Saturday, August 22: 51 miles/ 2,692 ft. elevation gain / Cumulative gain 16,072′
It was still bitterly cold in the morning when we woke at Lake Louise (top) so Rich decided they’d shuttle us all up to Lake Moraine (bottom) for a look-about. That also would allow us to start riding when it was warmer. Splendid!
Lake Moraine is a small lake at 6,183′ nestled in a group of mountains above Lake Louise. It was gorgeous and would have been a great place for a hike, had we more time. Frost was still heavy on the info signs describing the different layers of rock in the formations above us. We snapped some pictures and wound our way back down to our bikes.
A Grand Fondo was going to do a turn around at Lake Louise later that day, so the roads were packed with expectant spectators. We took off at the front of the pack for our trip to Saskatchewan Crossing. We rode through Lake Louise village, then let ourselves through the wildlife-proof gate and entered the Icefields Parkway. We quickly had to strip off some layers as we rolled along the Parkway. It was a nice place to ride, usually with wide shoulders and rumblestrips to protect us some. And the scenery was jaw-dropping gorgeous. We stopped often to take pictures, like this of Herbert Lake reflecting some mountains behind it. The mountains had a dusting a white from the snow yesterday and the sky was blue as can be.
Even with the climbing we were cruising along at 12 mph which is good for us. But the climb was getting tougher. We were passed by lots of the rest of the crew when we came to signs warning of road construction ahead. That combined with the streams of asphalt trucks trundling up and down the pass warned us of changes ahead.

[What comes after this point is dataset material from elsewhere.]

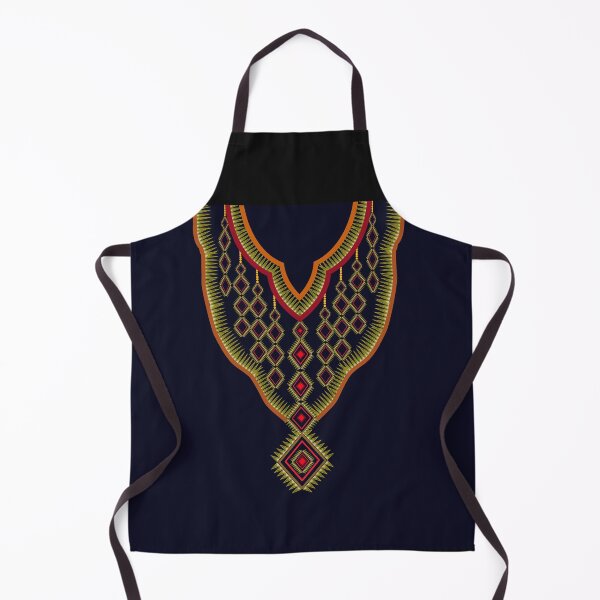 Item preview, Fashion necklace pattern on black background designed and sold by AnyMage.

We saw the remnants of many glaciers as we rode up. Some people in cars leaned out and cheered us on. Then we came around a corner and saw Bow Lake. It demanded a full stop. Its waters were aquamarine in a tone I’d never seen before. Stunningly green. We chatted with a family from Italy in the midst of a 15 day vacation. The father (il padre) told us he thought pictures he’d seen of it were water-colored. It couldn’t really be that shade. He was agog. As were we all.
After that we got to the construction zone. A long line of cars waited for a flagger to let them by. A few cyclists were at the head, so we joined them and waited. Then to our joy, the flagger waved us through first to get a headstart. This part of the road was already paved nicely, so we scooted up as quick as we could. The traffic soon followed, but we all made it through the active paving zone with ease.

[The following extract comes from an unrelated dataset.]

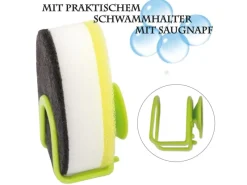 ProHome Spülschwamm 6er Pack Inkl. Saugnapfhalter< Kochfelder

We were at the top of Bow Pass. 6,787′ high. The day was bright and lovely and we had a lot of down to cover. When the traffic was stopped for the paving again, we took off. Our average to that point was around 12 mph. We headed down at 47 mph. on the very smooth, empty new road. We zipped!
After about 6 miles it leveled some and for the last 20 miles it was all flat or downhill, with another steep drop in the last 4. We were relaxed and moving well when we crossed the Saskatchewan River with an average speed of 15. Unfortunately we lost that average with a steep uphill to The Crossing, our hotel for the night. Still, it showed how much time we can make back given enough down!
I have to say there is just something about riding through the country. You experience it so much more fully. We are actually part of the landscape, not just encapsulated visitors flashing by. On the bike you feel the change in inclination when the road tips up. You feel the wind, the sun, the shade. You notice the little critters, the flowers, the creeks cascading by. The mountains have a presence you can feel. You get glimpses of even more peaks and creeks through the trees.
And it is generally quiet. It is an awesome experience, made more so by realizing that you can ride over 7200′ passes. What an amazing machine we live in.
We had lunch, cleaned up ourselves and the bike, then spent the afternoon sitting in the sun reading. We were surrounded by majestic peaks, half of them snow covered. It was breathtaking just to look around. The whites, the greens, the blues! Even the grays of the Rockies were pretty.
We won’t discuss dinner that night except to say it was not great. But the day had been splendid.
Sounds like it was a really good day. I would have been really worried when I saw the “‘Road Construction Ahead” signs, but it turned into a bonus! I really relate to your assessment about why cycling is such a great way to be part of the landscape – that is also one of my favorite things about it.